Linux – Which filesystem should I use in an SD card on a NAS

filesystemslinuxnasroot-filesystemsd card

My NAS can hold several 3.5" hard drives and an SD card. I'm planning to boot and run a custom Linux system (based on Debian, built by me) from an SD card, and the 3.5" hard drives will be used for data storage (and possibly log files). The SD card has a sequential read and write speed of 90 MB/s.

Which Linux filesystem should I use? Is there a filesystem which provides better speed and longer hardware lifetime (if there are many log file writes) than ext4?

What are the recommended ext4 creation and mount flags for SD cards?

Best Answer

Here is the info I was able to find online.

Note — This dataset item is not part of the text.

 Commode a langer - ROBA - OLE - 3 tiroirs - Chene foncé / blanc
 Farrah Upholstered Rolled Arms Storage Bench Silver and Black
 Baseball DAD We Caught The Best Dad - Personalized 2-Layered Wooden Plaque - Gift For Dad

https://en.wikipedia.org/wiki/Flash_file_system#Linux_flash_filesystems mentions JFFS, JFFS2, YAFFS, UBIFS, LogFS, F2FS. Some of these (but not F2FS) are targeted for raw flash devices, F2FS is targeted for flash-based storage devices which already have a translation layer, such as SD cards.

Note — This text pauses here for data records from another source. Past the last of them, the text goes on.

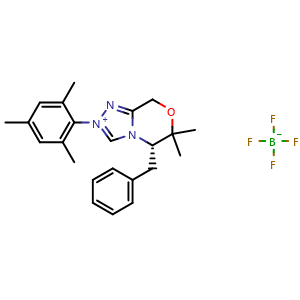 Chemical structure of (S)-5-Benzyl-2-mesityl-6,6-dimethyl-6,8-dihydro-5H-[1,2,4]triazolo[3,4-c][1,4]oxazin-2-iumtetrafluoroborate , CAS 925706-40-7, AChemBlock AD260322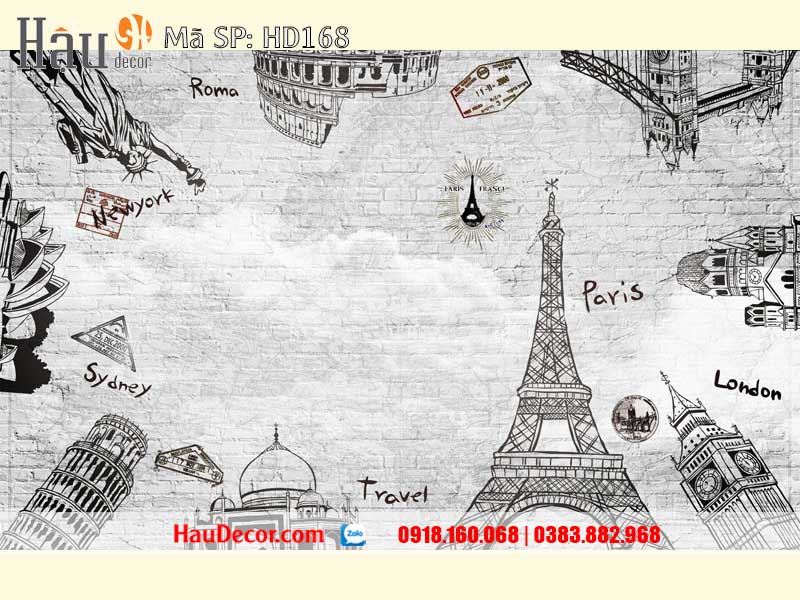 Tranh Dán Tường Nhà Hàng Quán Cafe- Bar 168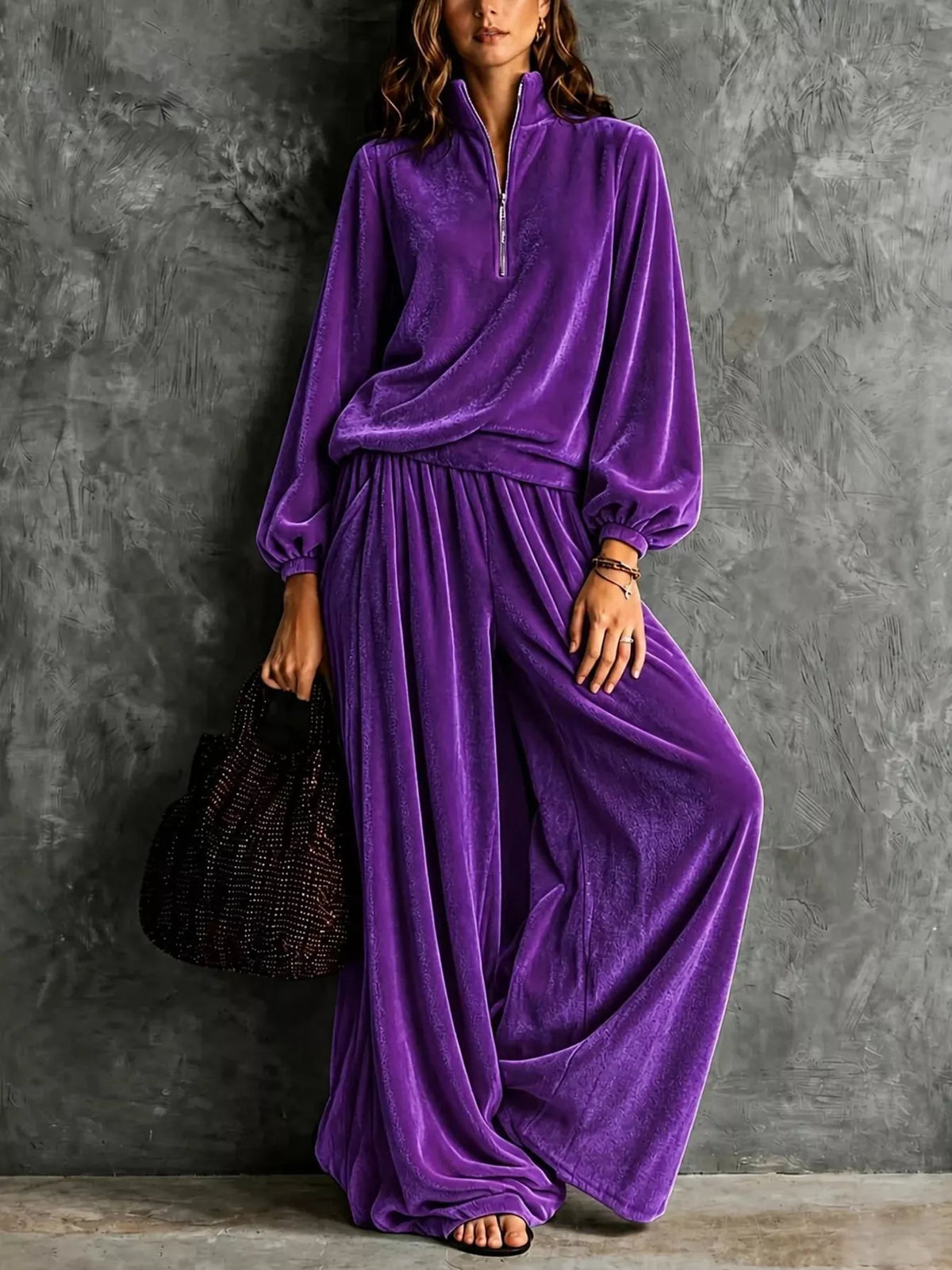 Quarter-Zip Sweatshirt and Wide-Leg Pants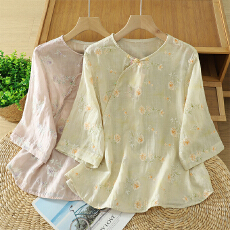 批发圆领国风棉麻女士衬衫2026妈妈夏装复古文艺小衫薄款苎麻<b class='q'>上衣</b>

I've found this 2011 question useful about the filesystems available back then: https://superuser.com/questions/248078/choice-of-filesystem-for-gnu-linux-on-an-sd-card

https://developer.ridgerun.com/wiki/index.php/High_performance_SD_card_tuning_using_the_EXT4_file_system mentions ext4 mount flags -o noatime,data=writeback and explains how to create such an ext4 filesystem. It also recommends some cache settings in /proc/sys/vm for increased performance.